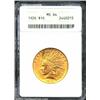 Image 1 : 1926 $10 MS64 ANACS. The fields have bright yellow-green color, while the devices have suggestions o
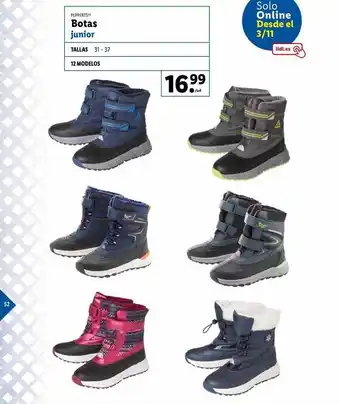 Lidl Pepperts! botas junior oferta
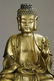 Chinese Large Gilt Wood Buddha - 2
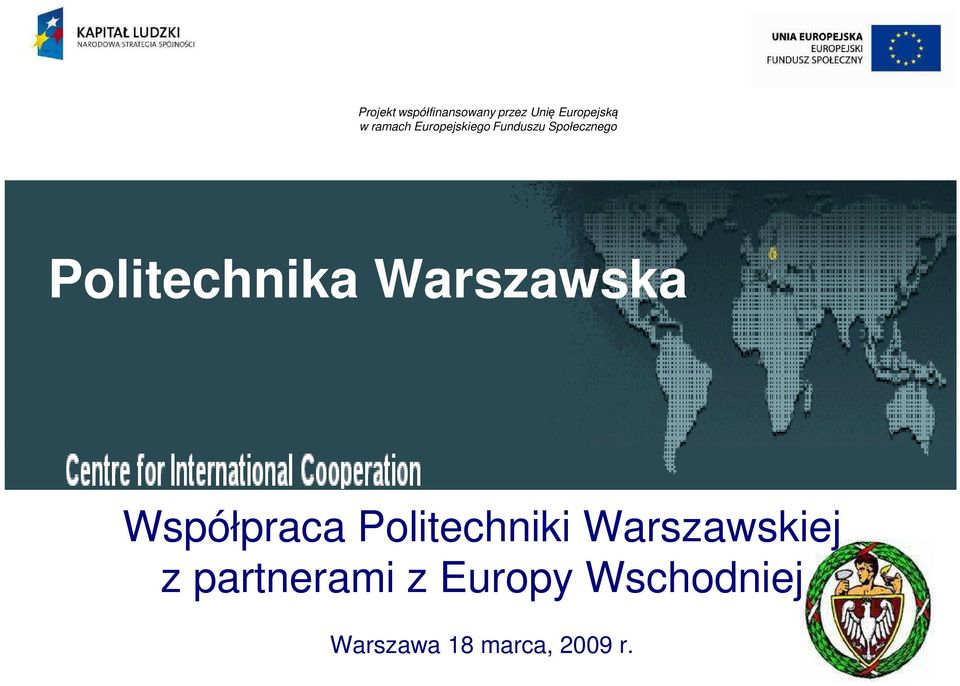 Politechnika Warszawska M Współpraca Politechniki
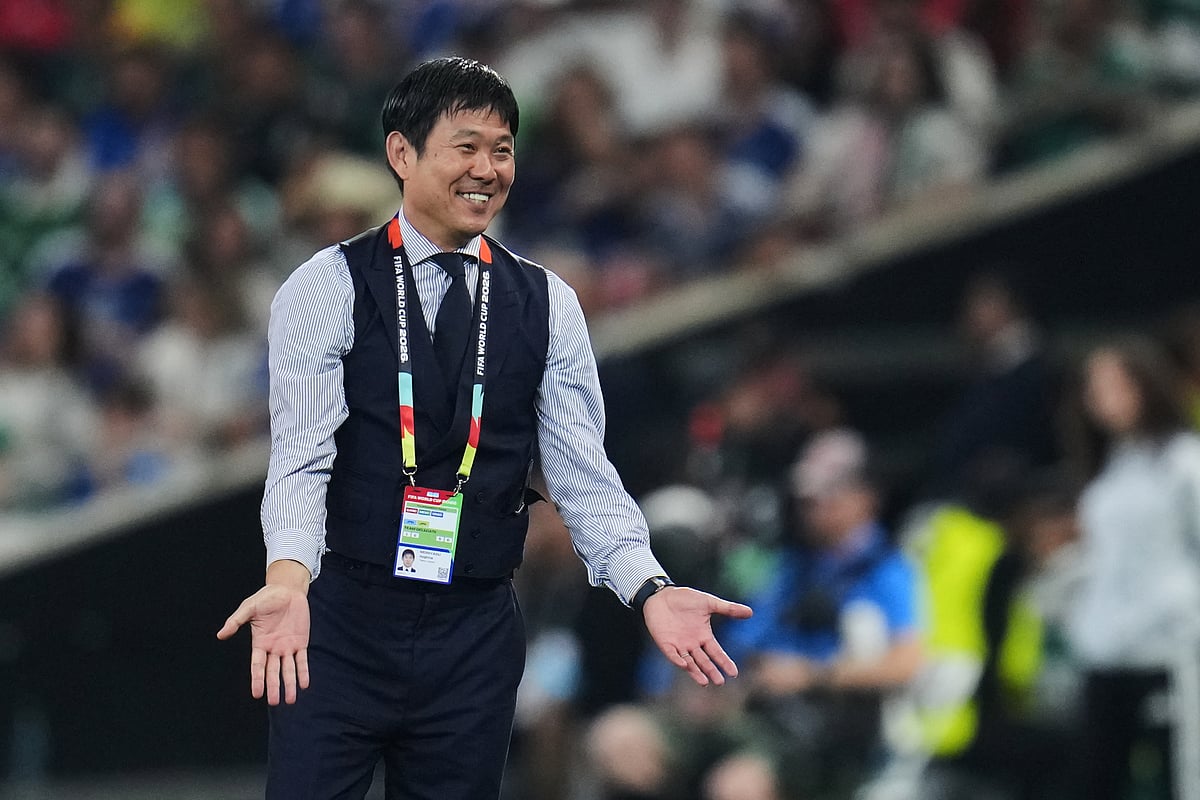 Tunisia Vs Japan FIFA World Cup 2026 Group F Hajime Moriyasu Smiles AP Photo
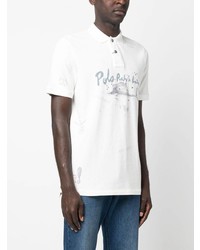 weißes bedrucktes Polohemd von Polo Ralph Lauren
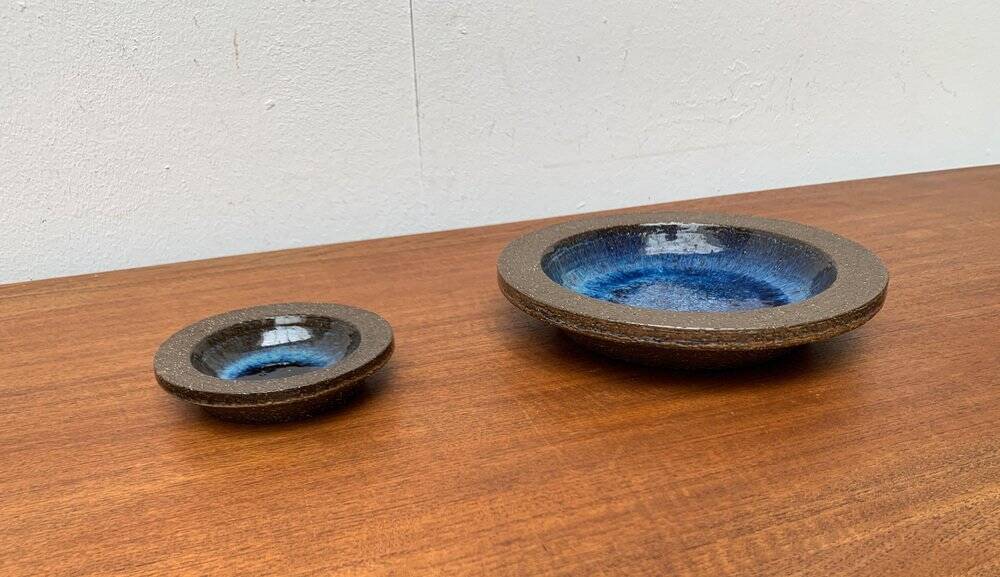 Vintage ceramic bowls from the Danish studio Michael Andersen, Bornholm, 1960s, set of 2.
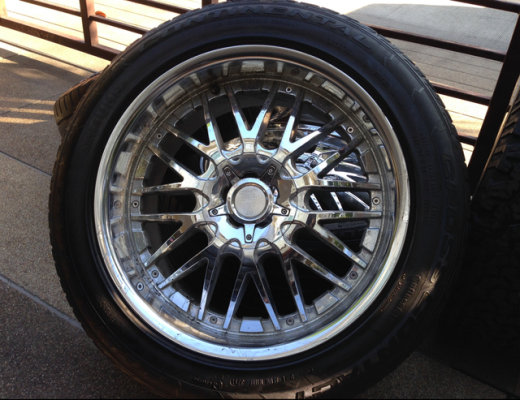 ล้อ Lenso แท้ ขอบ20 6รู139 พร้อมยาง Continental 265 50 20 ปลายปี11 พร้อมใช้งาน ราคาไม่แพง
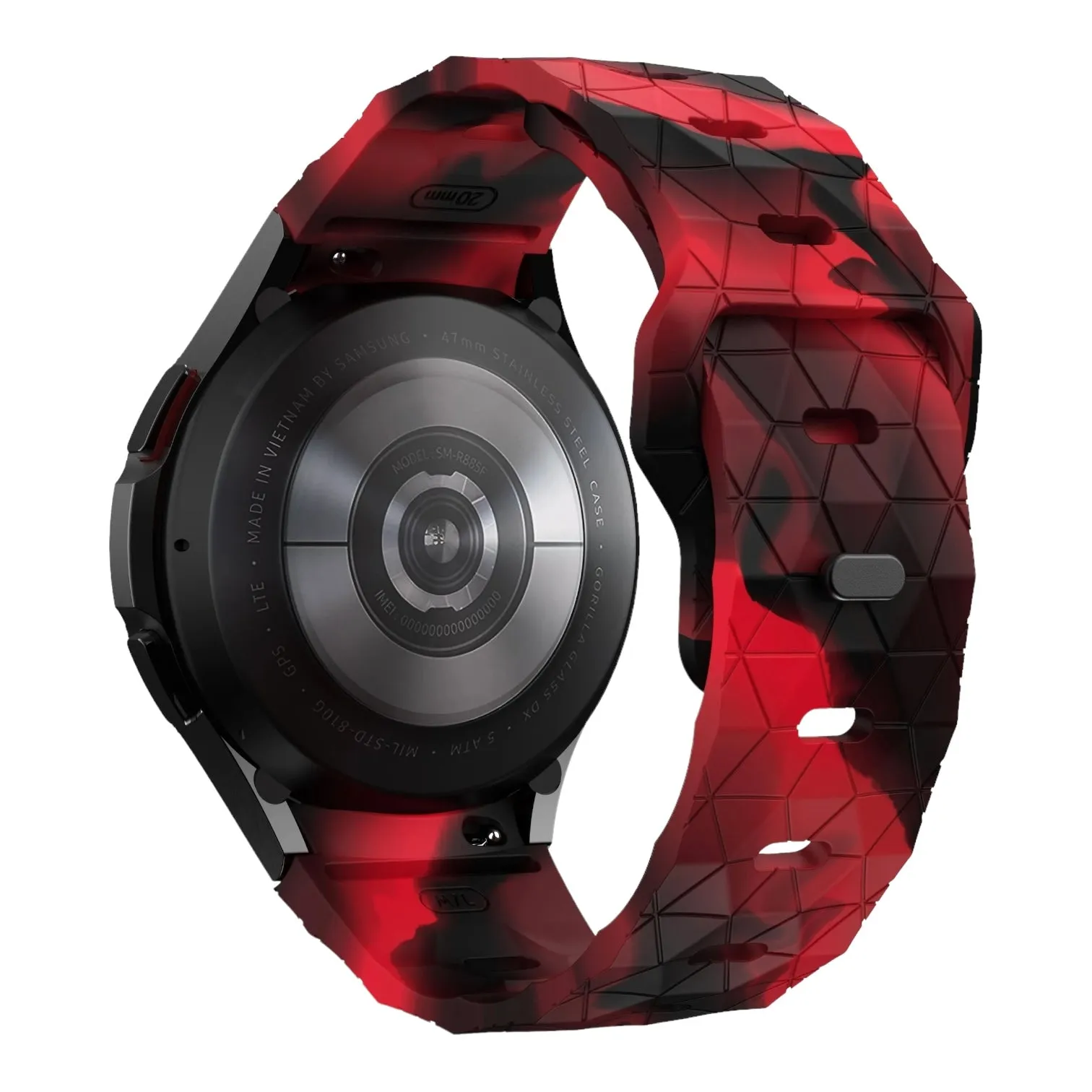 Suunto Vertical compatible Silicone Football Pattern Watch Straps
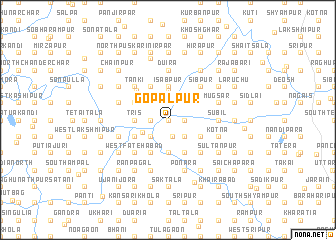 map of Gopālpur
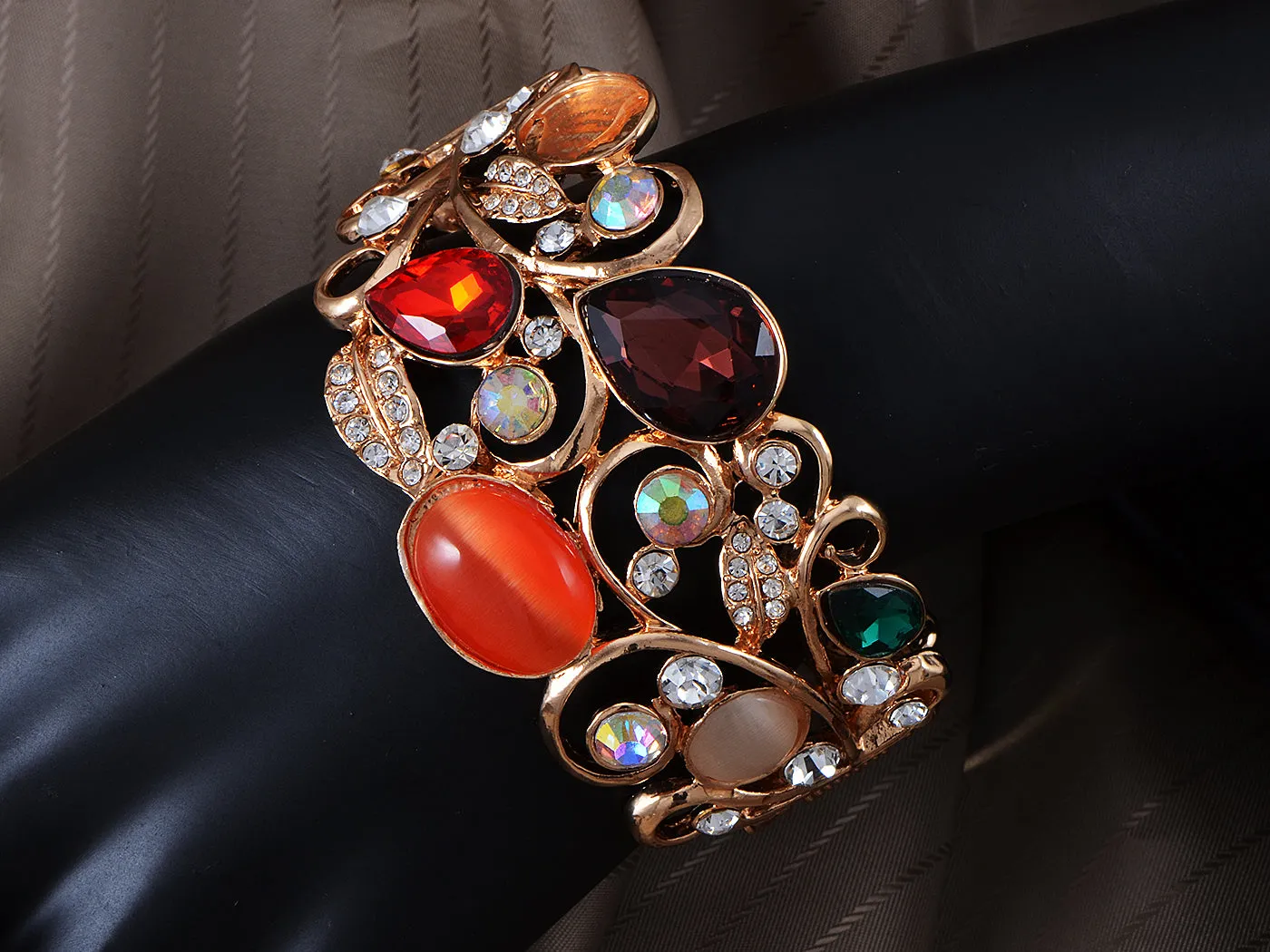 Gems And Encrusted Feminine Chic Bangle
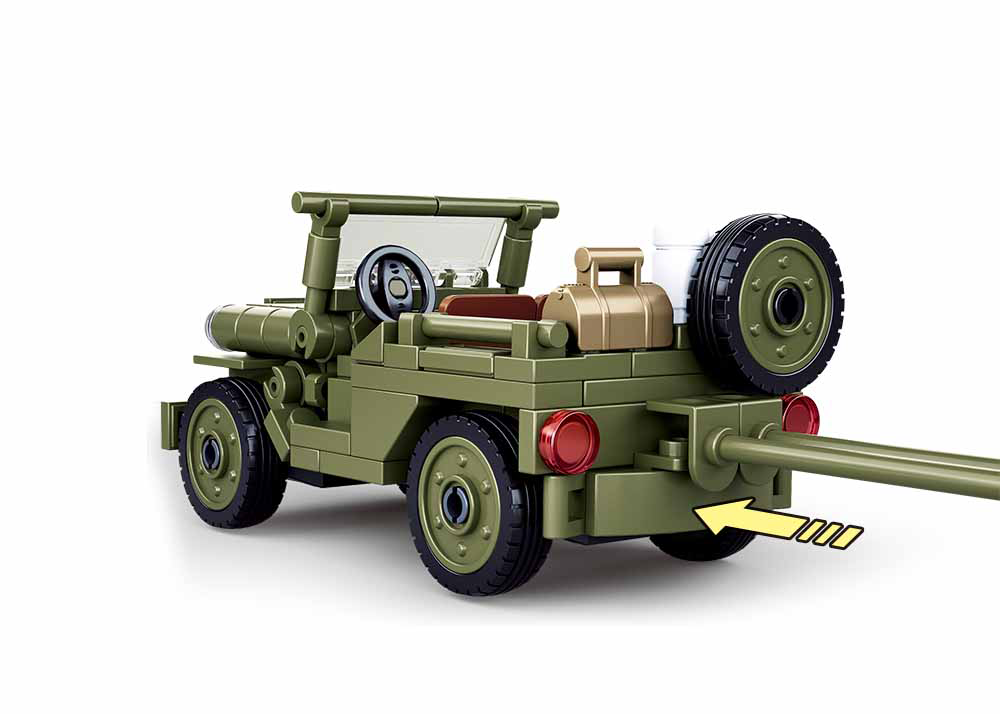 WWII Willy's Army Jeep Open (2pk) - O Scale 1:48 - Gray WWII Willy's Army Jeep Open (2pk) - O Scale 1:48 - Gray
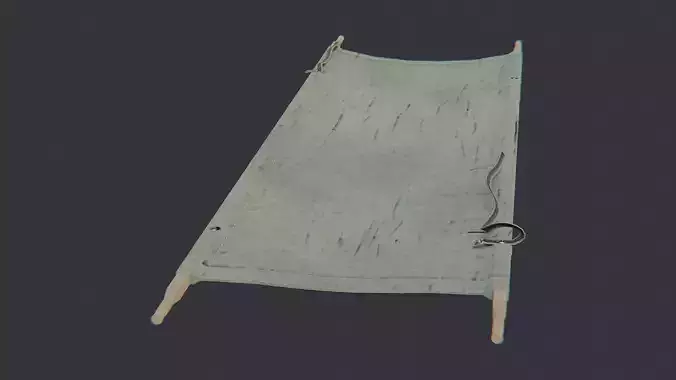 Military Stretcher Canvas Wooden Handles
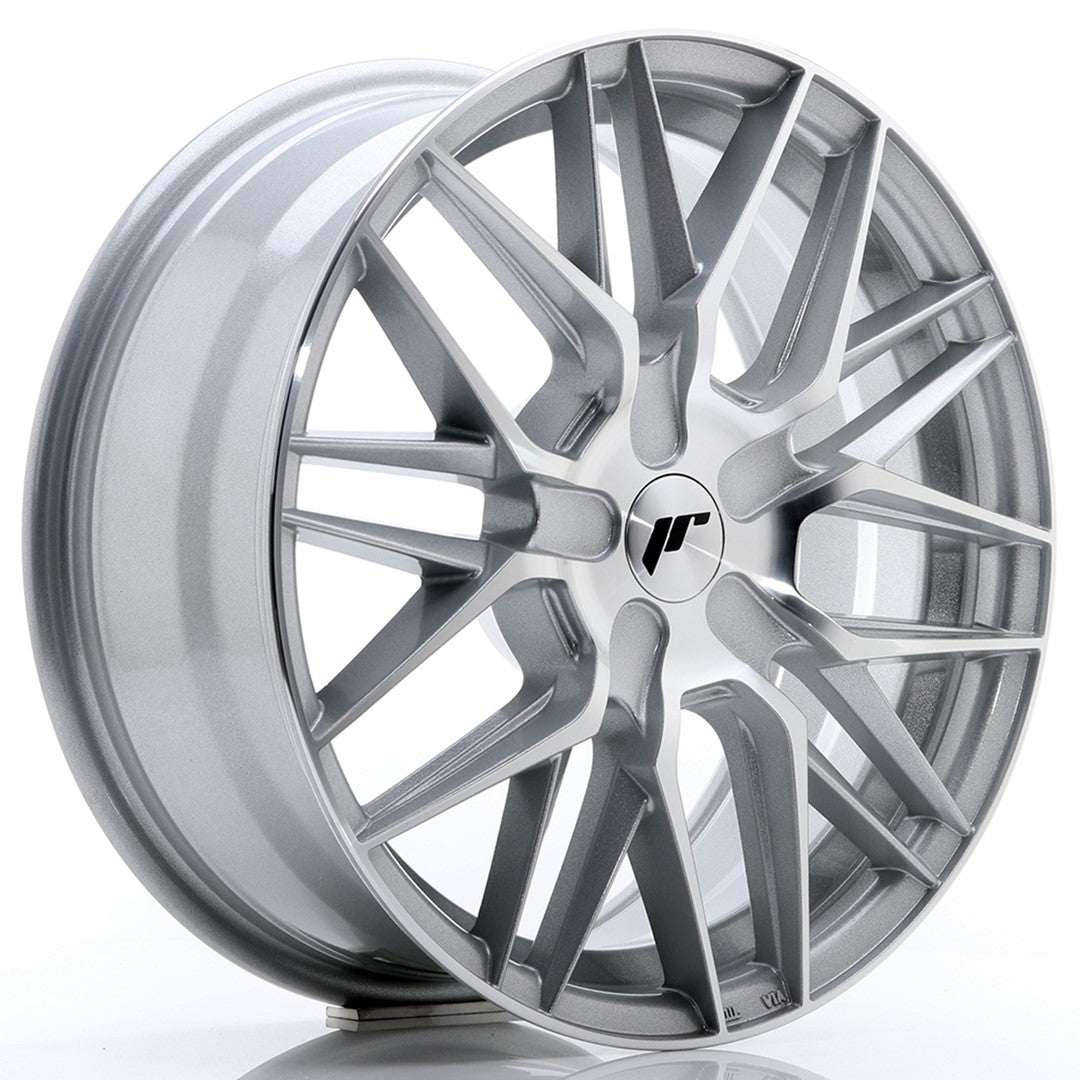 Llanta Japan Racing JR28 17x7 ET20-45 BLANK Silver Machined Face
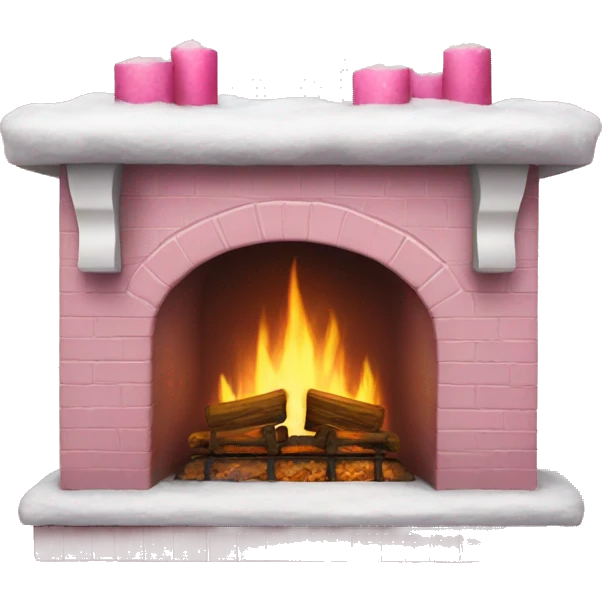 Winter Pink FirePlace emoji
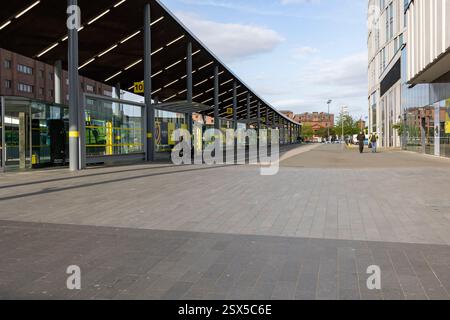 Liverpool, united kingdom January, 16, 2024 Main bus station beside Liverpool One shopping centre in Liverpool Stock Photo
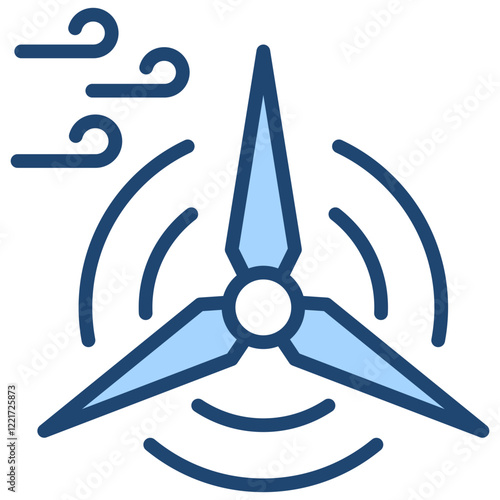 Wind Blue Icon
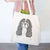 Sebastian the Cavalier King Charles Spaniel  - Tote Bag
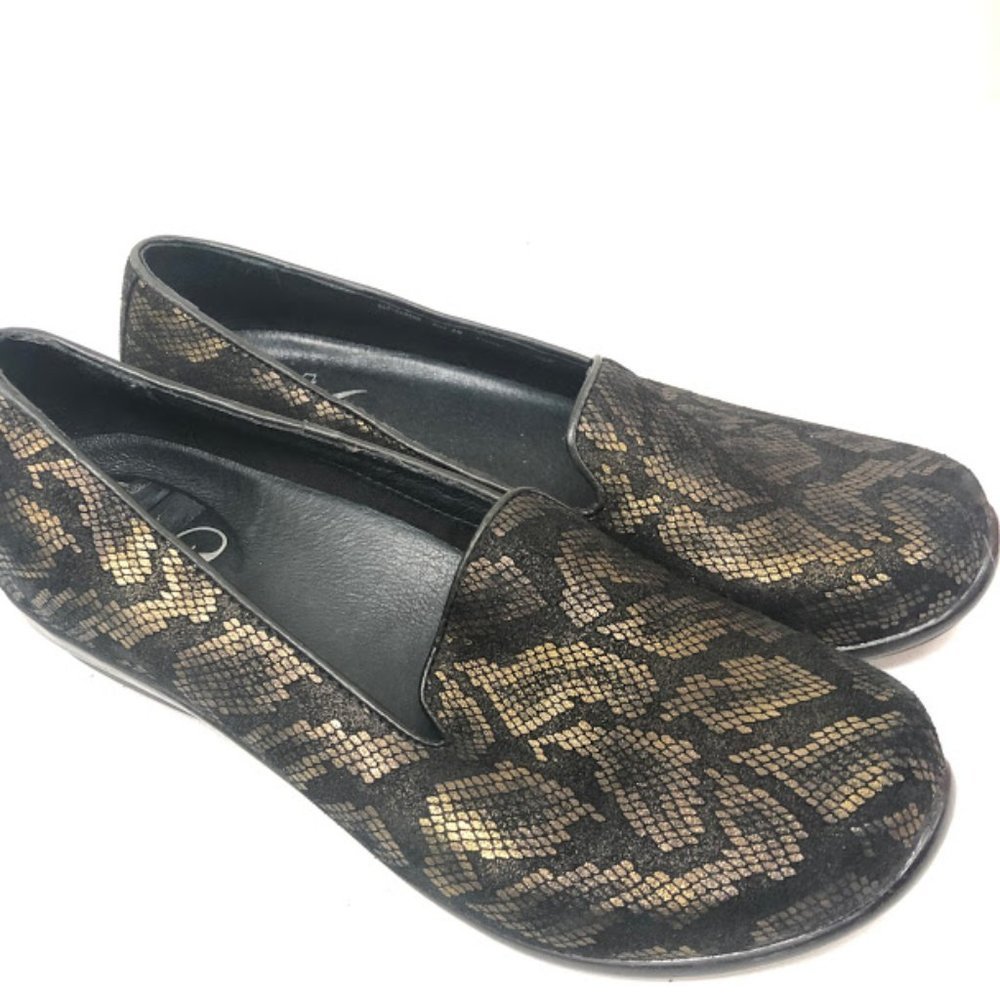 Dansko Snake Skin Slip On Loafers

____________

WORK ITEM:
Copy out every entry exactly as written, but not the pictures.

RESULT:
 Image 1 : 1926 $10 MS64 ANACS. The fields have bright yellow-green color, while the devices have suggestions o
 Lidl Pepperts! botas junior oferta
 Chinese Large Gilt Wood Buddha - 2
 Politechnika Warszawska M Współpraca Politechniki
 Tunisia Vs Japan FIFA World Cup 2026 Group F Hajime Moriyasu Smiles AP Photo
 weißes bedrucktes Polohemd von Polo Ralph Lauren
 Vintage ceramic bowls from the Danish studio Michael Andersen, Bornholm, 1960s, set of 2.
 ล้อ Lenso แท้ ขอบ20 6รู139 พร้อมยาง Continental 265 50 20 ปลายปี11 พร้อมใช้งาน ราคาไม่แพง
 Suunto Vertical compatible Silicone Football Pattern Watch Straps
 map of Gopālpur
 Gems And Encrusted Feminine Chic Bangle
 WWII Willy's Army Jeep Open (2pk) - O Scale 1:48 - Gray WWII Willy's Army Jeep Open (2pk) - O Scale 1:48 - Gray
 Military Stretcher Canvas Wooden Handles
 Llanta Japan Racing JR28 17x7 ET20-45 BLANK Silver Machined Face
 Winter Pink FirePlace emoji
 Liverpool, united kingdom January, 16, 2024 Main bus station beside Liverpool One shopping centre in Liverpool Stock Photo
 Wind Blue Icon
 Sebastian the Cavalier King Charles Spaniel  - Tote Bag
 Dansko Snake Skin Slip On Loafers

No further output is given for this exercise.